A cliff adventure
Part one by guest writer Kevin Rushby
We left the village of Robin Hood’s Bay after an early breakfast. It was Day Three of our trek from Staithes to Scarborough – the 15-mile leg. The tide was out and the plan was to walk briskly along the beach and make it to Ravenscar, two miles to the south. There we would watch seals before climbing the trail back up the cliff to the hotel where we would stop for coffee.
And all this we had done, except the coffee, when halfway up that cliff I took out the map and examined it. Maps are dreadful things. They get you into all kinds of bother. They tempt you with alternative plans and new adventures. The trouble was that we had come to stormwatch and the weather was utterly tranquil. Now a little devil in me was demanding some compensatory drama.
Sophie, my wife, was all for pushing onwards and up. She wanted that coffee. But I stood there, uncertain, examining that map. “Look here. There’s a little footpath that gets you back down to the shore further south.”
With my fingertip I traced a green dotted line that ran down through the contours to the symbol for a boulder-strewn beach. “Then we could scramble along for half a mile to this...” I pointed out a short green line that appeared to climb the cliff. I should have noticed, of course, that it was barely visible in the crush of brown contour lines. “We would come out on the cliff path next to this car park.”
I was thinking that few people would go that way. There might be more seals, undiscovered fossils and great views. Sophie just shook her head. “I’m not doing that,” she said. “I’ll see you at the car park.”
Our three-day winter walk had started in Staithes, the northern extremity of the North York Moors National Park, then headed south. The plan was to reach Scarborough in three days with stops in Sandsend and Robin Hood’s Bay. The views were sublime. There were no big waves, no wind, not a hint of the stormy drama I wanted.
The daily mileage did not seem overly ambitious, but I knew from experience that this clifftop route has some challenges. There are, for example, frequent descents into coves and stiff climbs out. Plus there is the winter weather. I have walked this path in a whiteout blizzard – in late April. I have walked it in gales so severe that spume was flying over my head even on top of the cliff. Look at the names on the map, places like Scab Nab, Dungeon Hole and The Scar. They speak of a violent heritage. But heading down that tiny path at Ravenscar, I had no inkling of what lay ahead. The weather was unusually calm, the sea sparkled with a hint of Mediterranean blue.
There were hints of Ravenscar’s past: a rusting hulk of a steam traction engine buried in deep foliage next to a sundew pond, probably a relic of Victorian alum mining, then the ruins of a cottage. I came out on the shore and scrambled and slithered along the beach.

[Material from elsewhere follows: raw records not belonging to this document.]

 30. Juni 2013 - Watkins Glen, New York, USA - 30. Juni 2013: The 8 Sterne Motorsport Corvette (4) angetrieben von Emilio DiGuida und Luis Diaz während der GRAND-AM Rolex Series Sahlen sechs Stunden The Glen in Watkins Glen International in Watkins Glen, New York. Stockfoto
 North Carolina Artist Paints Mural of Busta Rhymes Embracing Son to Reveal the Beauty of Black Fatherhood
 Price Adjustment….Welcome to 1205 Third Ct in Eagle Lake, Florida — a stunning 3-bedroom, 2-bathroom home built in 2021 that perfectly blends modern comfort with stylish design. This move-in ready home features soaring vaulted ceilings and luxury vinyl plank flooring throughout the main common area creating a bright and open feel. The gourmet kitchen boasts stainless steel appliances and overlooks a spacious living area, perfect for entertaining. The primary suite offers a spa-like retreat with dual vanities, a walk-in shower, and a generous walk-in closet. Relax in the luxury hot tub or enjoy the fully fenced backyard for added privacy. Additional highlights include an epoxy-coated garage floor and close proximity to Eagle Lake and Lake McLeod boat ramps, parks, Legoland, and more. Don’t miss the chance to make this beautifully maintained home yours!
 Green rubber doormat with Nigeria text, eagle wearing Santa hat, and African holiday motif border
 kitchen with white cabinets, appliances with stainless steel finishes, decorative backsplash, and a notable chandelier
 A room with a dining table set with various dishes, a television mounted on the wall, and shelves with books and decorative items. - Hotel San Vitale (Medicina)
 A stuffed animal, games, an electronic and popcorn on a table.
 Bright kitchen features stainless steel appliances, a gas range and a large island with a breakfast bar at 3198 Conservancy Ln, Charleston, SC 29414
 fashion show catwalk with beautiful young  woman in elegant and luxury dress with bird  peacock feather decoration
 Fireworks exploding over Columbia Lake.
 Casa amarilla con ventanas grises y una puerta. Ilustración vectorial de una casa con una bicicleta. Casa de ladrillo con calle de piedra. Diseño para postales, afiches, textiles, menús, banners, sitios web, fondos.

And then, rounding one particularly massive boulder, I came across a set of perfect ammonites embedded in the rock at my feet. Casting about I could see several more. Further on were some large belemnites: big primeval squid with ten arms although all I could see was the conical central skeleton sticking out the rock. There were great views of the massive crags above. It was wild and magnificent, tempting me to search around for better and better specimens until I suddenly noticed the tide coming back. If I went on, I would not be able to return.
I wavered and finally decided on safety, retracing my steps up the hill past the Raven Hall Hotel. I was out of breath: this cliff summits at about 600 feet. No wonder the Romans built a signal station here. Back on the coastal path I found Sophie sitting on a park bench.
“It’s a good job you didn’t try that other path,” she told me. “I spoke to a fisherman who said it’s a horrible long struggle up an old rope that someone fixed to the cliff.”
I sat on the bench. On this coast, I decided, a drama is never far away.